Колян во время устройства лагеря нарвал малорослых, покрытых мышиной шерсткой колокольцев сон-травы: теперь, полулежа на спальнике, он разбирал и нюхал привядшие растеньица, погрузившись в молчание, какого прежде не выдерживал ни единого часа. Уже в который раз Анфилогов отметил, что его оруженосец сильно переменился. Почему-то эта перемена вызывала у профессора дурные предчувствия. Прошлой осенью, с болью сбыв невероятные рубины самому тихому и скрытному изо всех витающих агентов (блеклому поляку с носом-костью, с очень странной, слоистой, двоящейся тенью, в которой всегда темнела плотная маленькая сердцевина), профессор почему-то выдал Коляну несправедливо малую долю.

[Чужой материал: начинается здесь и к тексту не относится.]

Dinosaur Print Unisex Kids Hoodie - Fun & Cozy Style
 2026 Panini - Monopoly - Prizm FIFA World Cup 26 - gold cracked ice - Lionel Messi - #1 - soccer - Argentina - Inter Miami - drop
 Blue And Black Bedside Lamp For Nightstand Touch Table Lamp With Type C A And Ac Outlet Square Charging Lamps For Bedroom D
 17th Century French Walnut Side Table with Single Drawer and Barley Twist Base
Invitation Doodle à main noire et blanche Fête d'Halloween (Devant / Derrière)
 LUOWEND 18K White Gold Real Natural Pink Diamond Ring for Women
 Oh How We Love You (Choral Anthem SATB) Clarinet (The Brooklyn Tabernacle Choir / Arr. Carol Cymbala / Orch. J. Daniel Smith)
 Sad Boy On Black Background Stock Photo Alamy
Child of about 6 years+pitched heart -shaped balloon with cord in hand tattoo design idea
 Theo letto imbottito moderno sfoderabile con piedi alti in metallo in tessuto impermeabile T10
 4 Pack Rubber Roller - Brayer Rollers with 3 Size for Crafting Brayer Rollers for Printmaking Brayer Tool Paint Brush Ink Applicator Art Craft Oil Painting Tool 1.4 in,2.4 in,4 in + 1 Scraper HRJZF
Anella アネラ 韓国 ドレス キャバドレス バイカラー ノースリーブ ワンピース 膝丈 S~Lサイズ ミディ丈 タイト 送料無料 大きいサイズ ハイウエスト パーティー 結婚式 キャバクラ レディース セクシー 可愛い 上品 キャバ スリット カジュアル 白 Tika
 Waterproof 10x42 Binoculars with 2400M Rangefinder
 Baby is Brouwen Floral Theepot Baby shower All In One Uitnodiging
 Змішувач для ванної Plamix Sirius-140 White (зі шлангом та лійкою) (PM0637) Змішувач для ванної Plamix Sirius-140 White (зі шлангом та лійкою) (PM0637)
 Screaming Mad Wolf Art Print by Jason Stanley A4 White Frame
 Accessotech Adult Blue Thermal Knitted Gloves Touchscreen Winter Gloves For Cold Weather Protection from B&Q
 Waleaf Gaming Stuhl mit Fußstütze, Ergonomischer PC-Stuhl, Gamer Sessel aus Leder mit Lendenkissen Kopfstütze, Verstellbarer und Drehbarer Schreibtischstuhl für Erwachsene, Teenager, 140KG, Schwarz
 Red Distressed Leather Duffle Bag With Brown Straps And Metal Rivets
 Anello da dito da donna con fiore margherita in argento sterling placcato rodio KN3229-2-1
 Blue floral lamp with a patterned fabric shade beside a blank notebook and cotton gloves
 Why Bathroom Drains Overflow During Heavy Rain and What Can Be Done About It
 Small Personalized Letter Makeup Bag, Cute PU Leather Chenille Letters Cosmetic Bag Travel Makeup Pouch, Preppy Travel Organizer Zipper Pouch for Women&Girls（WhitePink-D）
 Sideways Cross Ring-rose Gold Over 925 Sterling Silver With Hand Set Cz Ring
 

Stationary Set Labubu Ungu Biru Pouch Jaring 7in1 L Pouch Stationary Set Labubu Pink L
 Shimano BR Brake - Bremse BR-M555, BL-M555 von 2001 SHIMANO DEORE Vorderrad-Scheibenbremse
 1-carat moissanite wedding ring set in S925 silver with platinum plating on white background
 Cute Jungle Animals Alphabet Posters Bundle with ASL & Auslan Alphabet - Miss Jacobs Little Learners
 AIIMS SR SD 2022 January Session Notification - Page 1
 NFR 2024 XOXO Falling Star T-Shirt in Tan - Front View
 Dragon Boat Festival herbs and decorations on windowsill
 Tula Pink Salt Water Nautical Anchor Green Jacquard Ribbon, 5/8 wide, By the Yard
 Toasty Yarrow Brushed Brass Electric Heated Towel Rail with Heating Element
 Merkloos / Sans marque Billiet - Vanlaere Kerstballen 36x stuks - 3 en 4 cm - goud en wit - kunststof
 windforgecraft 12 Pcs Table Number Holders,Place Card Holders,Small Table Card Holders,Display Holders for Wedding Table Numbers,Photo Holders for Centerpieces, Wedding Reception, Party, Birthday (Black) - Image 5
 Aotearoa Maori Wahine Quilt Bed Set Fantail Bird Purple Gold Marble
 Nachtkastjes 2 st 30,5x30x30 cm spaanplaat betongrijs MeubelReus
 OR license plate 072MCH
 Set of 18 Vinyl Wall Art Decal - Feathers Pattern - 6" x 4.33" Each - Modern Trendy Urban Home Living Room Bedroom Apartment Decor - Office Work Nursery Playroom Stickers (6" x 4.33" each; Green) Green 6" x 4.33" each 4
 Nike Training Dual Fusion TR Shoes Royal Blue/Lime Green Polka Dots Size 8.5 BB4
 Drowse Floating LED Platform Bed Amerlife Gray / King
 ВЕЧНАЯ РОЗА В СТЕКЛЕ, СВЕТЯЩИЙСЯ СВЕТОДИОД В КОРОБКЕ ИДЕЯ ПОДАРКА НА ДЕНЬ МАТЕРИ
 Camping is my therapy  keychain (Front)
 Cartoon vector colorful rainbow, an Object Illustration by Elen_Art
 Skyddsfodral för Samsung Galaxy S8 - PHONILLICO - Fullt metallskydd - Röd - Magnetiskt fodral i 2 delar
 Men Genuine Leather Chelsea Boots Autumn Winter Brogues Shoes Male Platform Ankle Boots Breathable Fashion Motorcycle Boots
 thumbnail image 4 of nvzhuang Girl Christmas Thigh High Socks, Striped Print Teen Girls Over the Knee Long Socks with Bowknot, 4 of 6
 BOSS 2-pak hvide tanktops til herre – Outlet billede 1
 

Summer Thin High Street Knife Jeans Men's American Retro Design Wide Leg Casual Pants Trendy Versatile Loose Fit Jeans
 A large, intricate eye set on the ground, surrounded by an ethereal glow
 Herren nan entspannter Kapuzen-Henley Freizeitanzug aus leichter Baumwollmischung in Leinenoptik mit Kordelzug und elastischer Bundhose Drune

Прежде Колян неизменно радовался получению денег: любых, хоть рубля, не осознавая, много это или мало, в прибыли он оказался или же в убытке, – чем и сделался ценен для хорошо считающего Анфилогова. На этот раз оруженосец, словно догадавшись об обиде, даже не заглянул в нутро лакированного конверта. Обделив Коляна, профессор, разумеется, не преследовал выгоды – скорее испытывал отвращение к избытку, оставшемуся у него в кармане. Просто Колян сделался каким-то лишним: необходимым для новой экспедиции, но при этом раздражительно неуместным в жизни профессора. После того как прошлым летом Анфилогов довел невменяемого напарника по лоснящимся осыпям и полным желчи холодным болотцам до жилой деревни, после того как довез его, скулившего на верхней полке, до вокзала и до его домишка на окраине, где путешественника встречала девяностолетняя бабка, похожая в своих платках на забинтованный палец, и мутная, как бабкин взгляд, бутылка самогона, – после этих унизительных действий любое присутствие Коляна стало для профессора таким же обременительным, каким оно было в холодном вагоне и в мокром лесу. В глазах Анфилогова он сделался как будто мертвый, давать ему деньги было теперь все равно, что выбрасывать их на помойку. Колян, разумеется, это почувствовал. Самое странное, что он, похоже, с этим согласился.